The Adventure Comes to an End

Fifteen or more years ago, when I would have a bad day at work, I would jokingly say "I'm going to chuck it all and move to New Zealand and raise sheep!"

Twelve years ago, when W was reelected president, I started investigating immigration options in Canada - and New Zealand.

Three years ago, Bobby and I started talking seriously about possibly moving to New Zealand.

Two and a half years, Bobby and I, along with Mike C. and Todd, journeyed to New Zealand for vacation and scouting trip.

One and a half years ago, I moved in New Zealand to start getting things set up for Bobby to join me a few months later.

Today, I gave my notice at my job.
I'm moving back to Columbus mid- to late-August.

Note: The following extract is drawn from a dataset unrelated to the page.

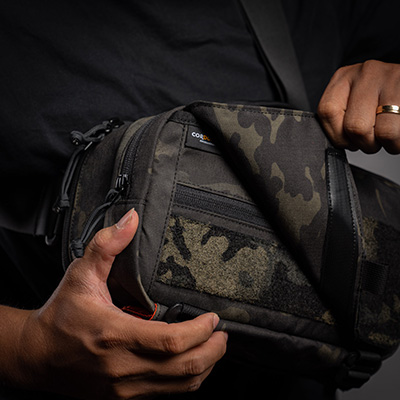 Cordura®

This was such a hard decision to make. I really, really love working at Vista. But my personal life has become too much of a struggle without Bobby. I just don't feel the thrill of being here anymore. I'm lonely and terribly depressed and I don't see that ever changing while I'm here. Not to mention how expensive everything is here, especially housing. I am paying more, even after currency conversion, for my one bedroom apartment here than I pay on my mortgage for my 2 story house in Columbus. And buying is completely out of the question, since the price for an entry level "starter home" is now averaging $600,000 (in NZ dollars).

So this week I finally made the decision to move back. My apartment lease is up on August 15, so that was a big driving factor. Instead of renewing a lease or moving to another place, I think it's time to go home.

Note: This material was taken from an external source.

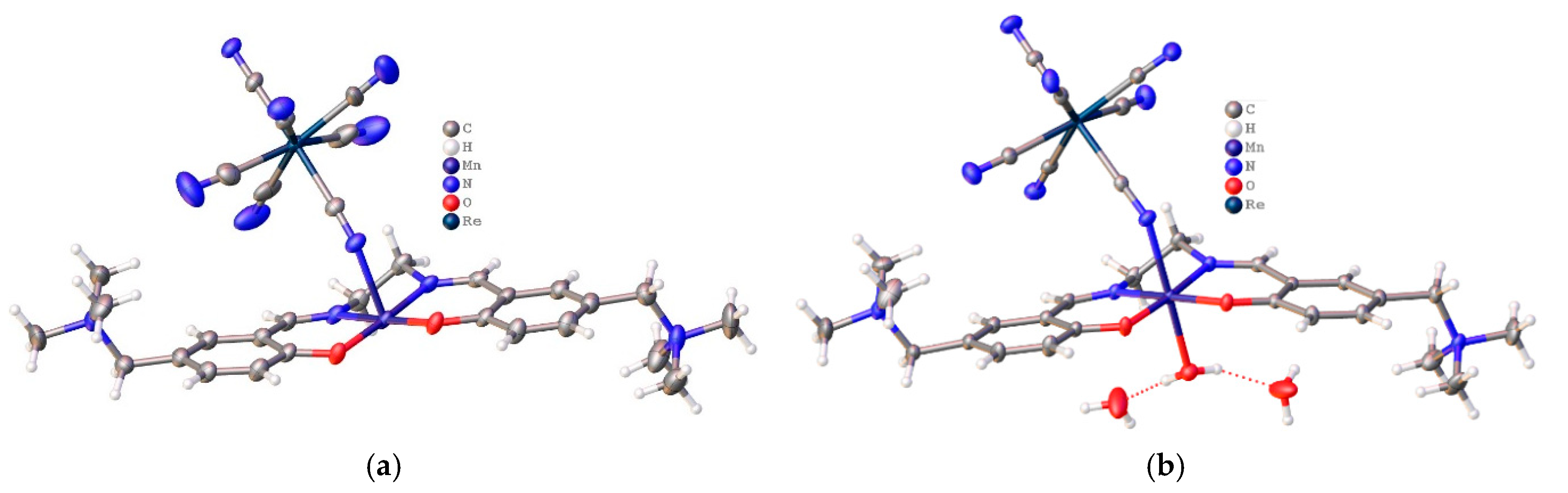 Magnetochemistry 08 00189 g011 Magnetochemistry 08 00189 g011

Last night, I slept like a rock. And had the most bizarre epic dream. In one part, I was preparing to perform (sing) in a talent show. And for my costume, I was wearing some bizarre take on Wendy (from the restaurant company where I used to work). And I was SO happy in the dream. After waking up and thinking it through, I put together that the singing and the Wendy's symbol were things that were very familiar to me.  And those familiar things were making me very happy. And so being among familiar things is what I need. (NOTE this does NOT mean I am returning to work at Wendy's). I need my family and my friends and my house and my kids.

It is going to be so difficult to say goodbye to my Vista family. They have been such great people to work with. And they've provided me so much support after Bobby's death. But I really feel like this is what I need to do - and everyone seems to understand completely.

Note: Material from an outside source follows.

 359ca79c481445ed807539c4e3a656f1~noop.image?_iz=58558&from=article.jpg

So the next few weeks will be interesting. Trying to offload some of the things I've bought while here. Shipping a bunch of stuff (mostly books and clothes) back. Trying to find a job in Columbus (I would appreciate any leads or help in this matter!).

Stay tuned...

1 comment:

  1. Columbus is a great place and I totally understand your need and reasoning behind doing what you are doing. Also financially I think Columbus would probably be better for you and in actual fact provide you more opportunity. Have you tried reading into local ads or groups on social media? There are usually people willing to help with things like that or at least someone who can point you in the right direction.